A Delegacia de Conflitos Agrários (Deca) chegou ao nome de Carlão e
outros membros do Complexo Divino Pai Eterno quando identificaram
Romério Roberto de Araújo como parte do grupo. Romério era um conhecido
pistoleiro local.
Segundo o inquérito policial, ele estaria coordenando a ação de
pistolagem na região. Seu contratante, segundo o delegado titular da
Deca Valdivino Miranda, foi Bruno Peres. “A gente chegou à conclusão que
o fazendeiro chamado Bruno Peres teria contratado Romério para fazer
ameaças na região. Só que pelo que a gente percebeu a situação acabou
saindo do controle no dia”, conta o delegado. Segundo Miranda, os
pistoleiros iriam “dar uma pressão” nos trabalhadores. No dia, eles
mantiveram trabalhadores em cárcere privado. Quando os sem terra foram
resgatar seus colegas de acampamento, houve troca de tiros. Osvaldo foi
baleado e não resistiu aos ferimentos.
O celular periciado de Romério mostrou que ele mantinha contato com
os fazendeiros. O acerto dos trabalhos de pistolagem era feito
diretamente com Carlão e Bruno Peres de Lima, possuidor de algumas áreas
do complexo.
Bruno e Carlão são considerados foragidos pelo delegado Valdivino.

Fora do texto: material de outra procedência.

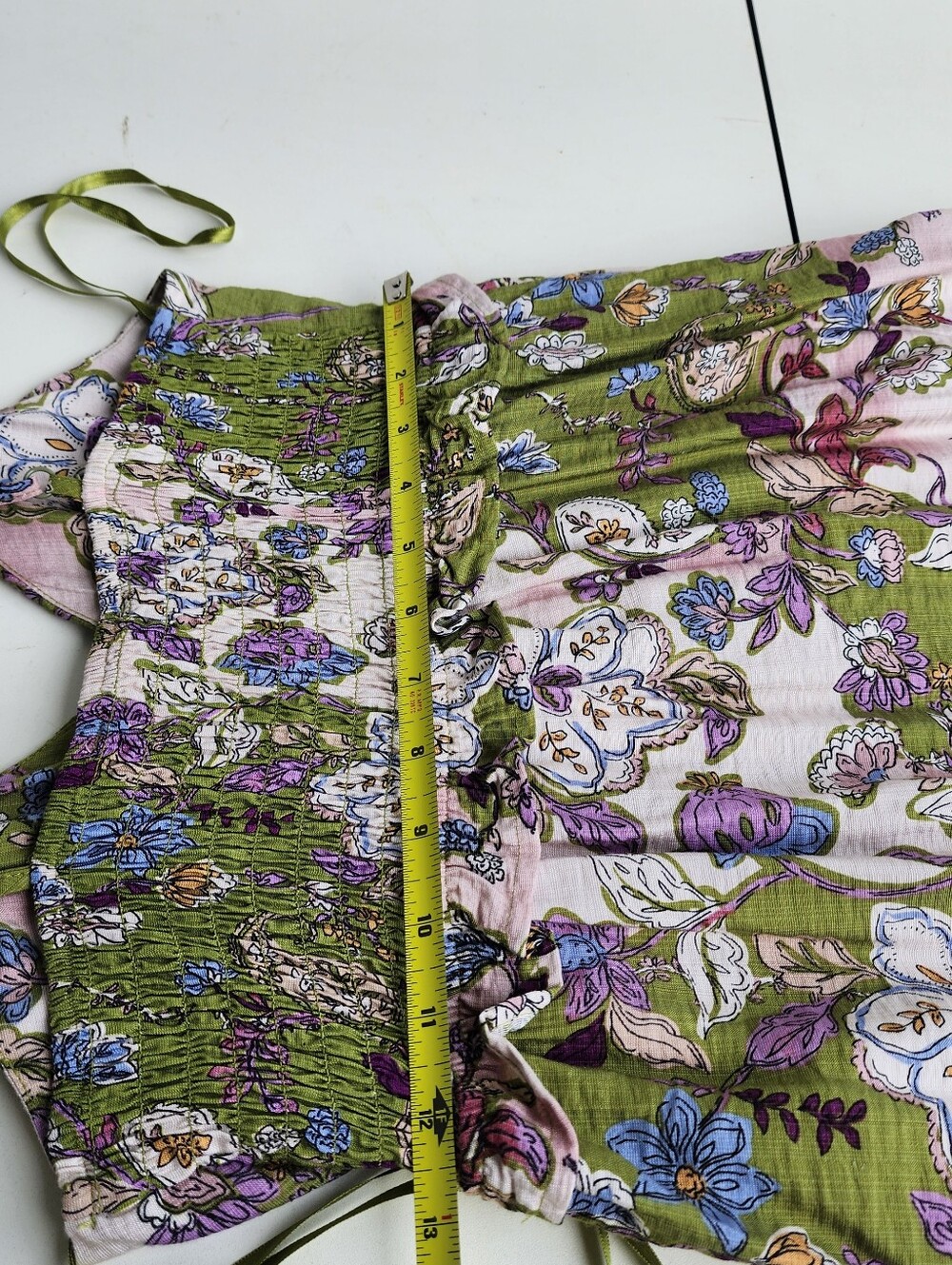 Monteau Los Angeles Women's Maxi Dress Floral Print Green Rayon Nylon Sz S - Picture 12 of 16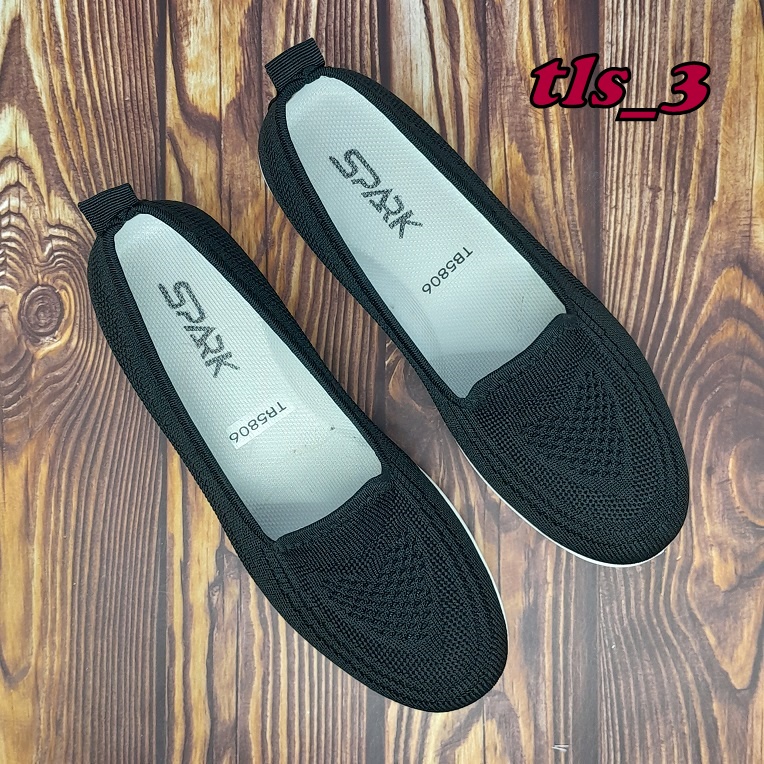 Sepatu Wanita Spark Tb58 Tc30 36-40 Sepatu Slip On Rajut Import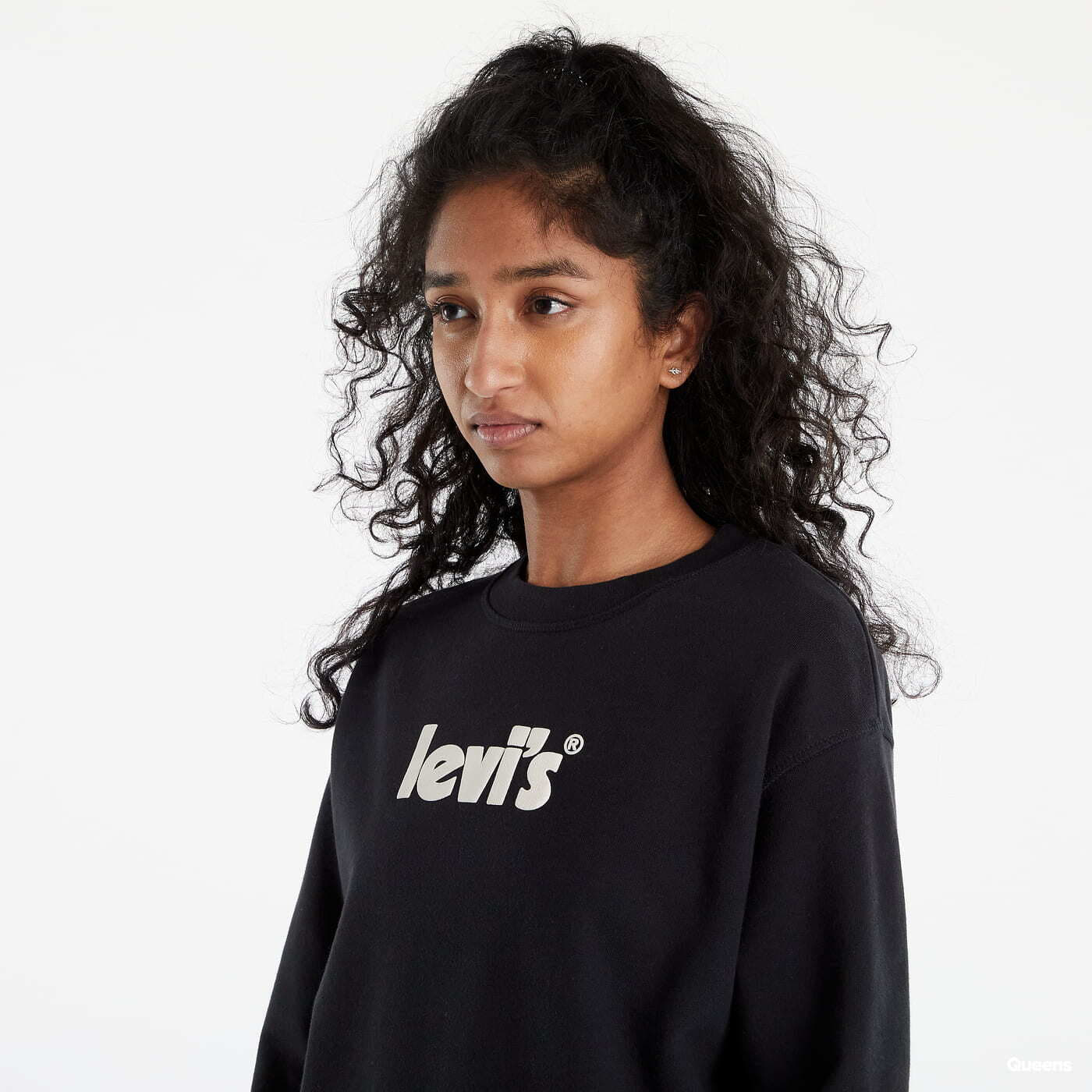 Mikinas ar kapuci un sporta krekli Levi's® Graphic Standard Crew Black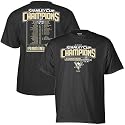 Reebok Pittsburgh Penguins Black 2009 NHL Stanley Cup Champions On Ice Roster Parade T-shirt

“Nós achamos conversas entre Bruno e Romério, entre Carlão e Romério.
Material de escuta telefônica e conversas de WhatsApp. O Bruno estava
com a área totalmente invadida e tinha interesse em desocupá-la”,
afirma. Carlão, Bruno e Romério são acusados de participação no
homicídio qualificado de Osvaldo Rodrigues Costa.
A Justiça paraense já decretou a prisão preventiva de Carlão, Bruno e Romério. No último dia 10, o juiz Leandro Cosentino negou um pedido de revogação da prisão movido pelo fazendeiro.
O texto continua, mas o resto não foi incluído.